Draft Ohio education goals would put emotional health, critical reasoning and job skills on par with English and math

Schools shouldn’t be just about test scores in math and English, the state school board says.

They should also be about emotional health, critical reasoning and how to be an “engaged, culturally aware and contributing member of society.”

And they should help prepare students for jobs, as much as they do for college.

After a year of debate with education groups across the state, the board and Ohio Department of Education released late Wednesday a proposed “strategic plan” they hope will guide education decisions for Ohio over the next several years.

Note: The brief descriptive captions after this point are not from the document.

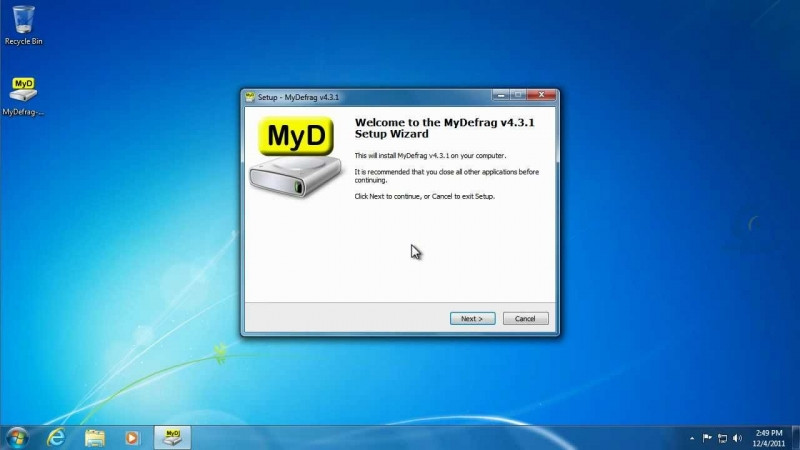 Download MyDefrag 4.3.1 (x64 & x32)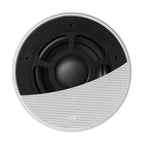 KEF Ci250RRb-THX 10" THX In-Ceiling Subwoofer – grille-detail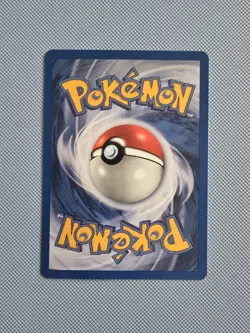 Pikachu Gold Stamp - World Collection #1 - Promo Vintage Pokemon Card - Image 2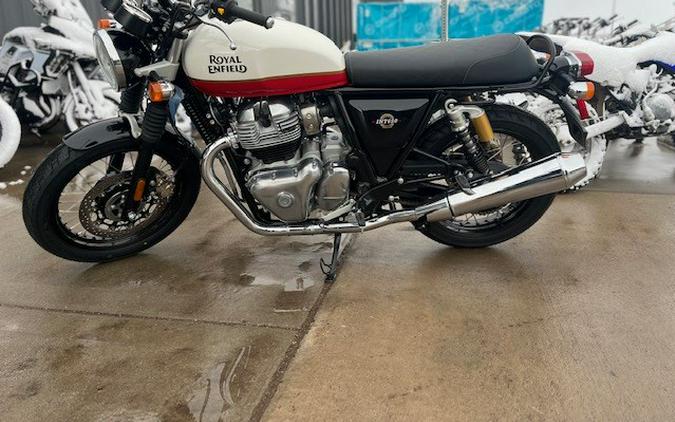 2023 Royal Enfield INT BAKER EXPRESS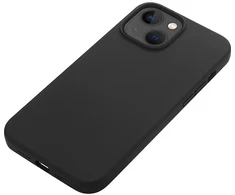 Dėklas Nevox išmaniojo telefono aksesuaras StyleShell Shock 2391, juodas, iPhone 16 Plus, suderinamas su MagSafe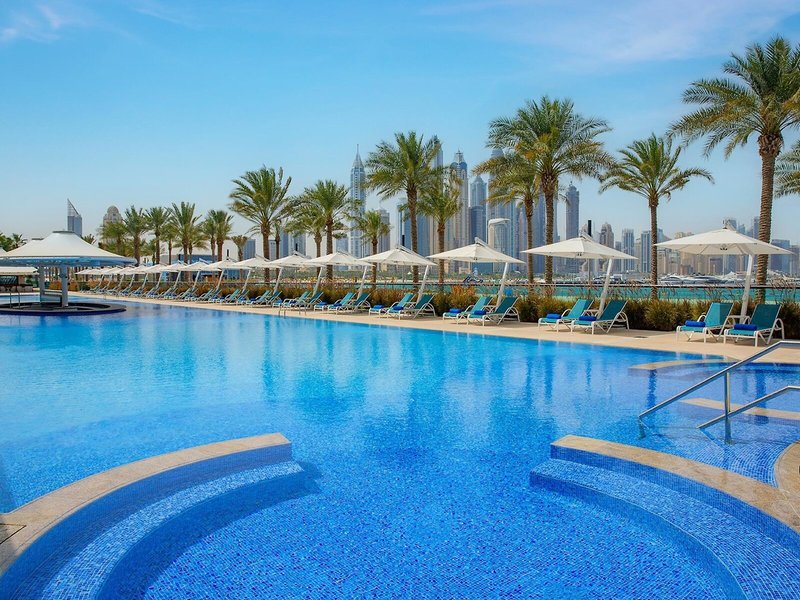 Hilton Dubai Palm Jumeirah 8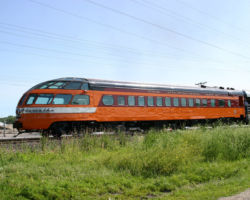 The Milwaukee's Cedar Rapids, quite possibly my favorite passenger car of all time.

It’s won’t bring any immediate changes to classrooms and isn’t even an immediate call for the legislature to approve any changes. But it offers a vision” for what Ohio’s high school graduates should look like, an “overarching goal” to help students reach career success, and calls for several shifts in how the state will approach some tough issues going forward.

Among them: Treating job training as equally valid as going to college, considering technology skills as basic and foundational to success as English and math, and also making the ability to reason critically or have social and emotional skills equal as well.

“Foundational skills” like reading and math are just one quarter of the picture under this plan. Other classes like social studies and science make up another quarter, but the plan elevates two new “domains” of learning to an equal level:

Reasoning: problem-solving, design thinking, creativity, information analytics

Social-Emotional: growth mindset, perseverance, self-awareness, team work, collaboration

“Meeting the needs of the whole child, including the development of social-emotional skills, is essential for preparing students for success in the classroom and to navigate the rapidly changing future of work,” the plan states. “In addition to the academic knowledge and skills necessary to future success, students must be equipped to set goals, show empathy, maintain positive relationships and make responsible decisions.”

Though representatives of education groups across the state – teachers unions, philanthropy, colleges, job training programs, the Ohio PTA – have all participated in crafting the plan, the board and ODE want public input. It will hold 11 feedback sessions across the state over the rest of this month.